Right around the 4th anniversary of its passage, the deadline to sign up for health insurance under the Affordable Care Act -- also known as Obamacare -- has come and gone.
While the White House has been celebrating the number of sign-ups -- a number that's in dispute -- critics, including many Republicans, claim the law is fatally flawed.
Late last month, Florida Republican U. S. Sen. Marco Rubio highlighted what he called Americans' increasing dissatisfaction with the President's signature health care legislation.
Republican Gov. Rick Scott is using Obamacare as a wedge issue in his campaign against likely Democratic opponent Charlie Crist. Scott says the law is causing folks to lose their health care plans -- and that it's hurting the economy.
Rubio spoke out against the law in a video message to his supporters.
"We cannot give up," he said. "Obamacare is not something that’s set in stone. It can be repealed —and Americans increasingly want it to be repealed — and that’s what we’ll continue to do."
"We rated that claim mostly false," said Josh Gillin of PolitiFact. "That's because while there are quite a few people who want that repealed, the idea that more and more people want it repealed isn't quite true.
Gillin said that surveys have consistently shown that anywhere from 35 percent to 5o percent of Americans favor repeal of the ACA, but those numbers have stayed pretty much the same since 2011.
Gillin said, "there's just no proof that they're been increasing like he says they have."
A new TV attack ad against former Gov. Charlie Crist zeroes in on Crist’s support for Obamacare.
Republican Gov. Rick Scott’s political committee, Let’s Get to Work, is running an ad that repeats parts of an interview Crist did on CNN during which he called Obamacare "great."
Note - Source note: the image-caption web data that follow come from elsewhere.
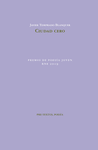 CIUDAD CERO ( PREMIO DE POESIA JOVEN RNE 2019 )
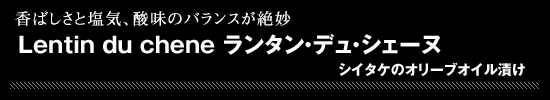 ●Lentin du chene ランタン・デュ・シェーヌ (シイタケのオリーブオイル漬け)香ばしさと塩気、酸味のバランスが絶妙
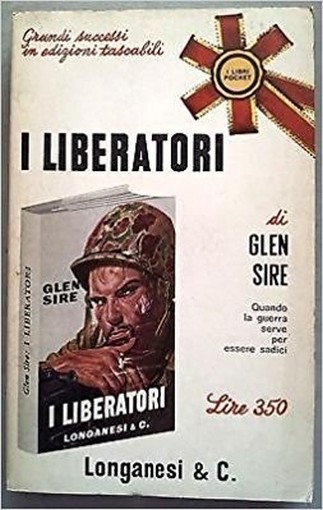 I Liberatori Sire Glen Longanesi & C.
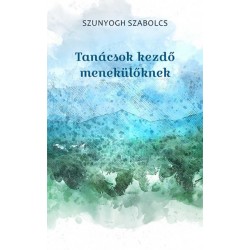 Szunyogh Szabolcs: Tanácsok kezdő menekülőknek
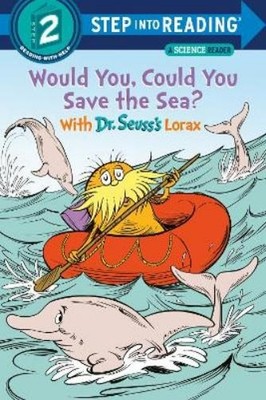 Todd Tarpley Would You, Could You Save the Sea? With Dr. Seuss's Lor (Paperback)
"Great?" the narrator says. "News reports say 300,000 health plans canceled. Obama says patients may lose their doctors. The federal government says less work hours for American jobs."
While the narrator says that last part about jobs, there's a picture saying, "2.5 million Americans out of the workforce."
First, let's look at the 300,000 health plans canceled.
Not so, said Gillin.
"We rated this one mostly false. That's based on something that happened in 2013 when Florida Blue starting sending out letters to 300,000 of its policy holders saying those policies did not meet minimum requirements for the Affordable Care Act," he explained. "What happened was, when the government decided to extend the deadline for the insurance plans that may not have met the requirements, Florida Blue had only sent out about 40,000 letters. Those letters said they were actually going to switch people over to another plan and that they would help people find plans that met their needs. No one was ever going to go uncovered."
And what about the economic impact of the ACA and the claim that 2.5 million Americans will be out of the workforce?
"We rated that one mostly false, " Gillin said. "We've seen this ever since the Congressional Budget Office -- the non-partisan part of the government that analyzes such things -- ruled that up to the equivalent of 2.5 million jobs would be gone by 2024. That's a statistical way to look at things... those are work hours. And the reason those work hours are going to disappear is because now that people are covered and their insurance is not necessarily tied to their employment... they would choose to stop working. They would quit part-time jobs, they wouldn't work 60 hours a week. And that's just not quite the same as leaving the work force."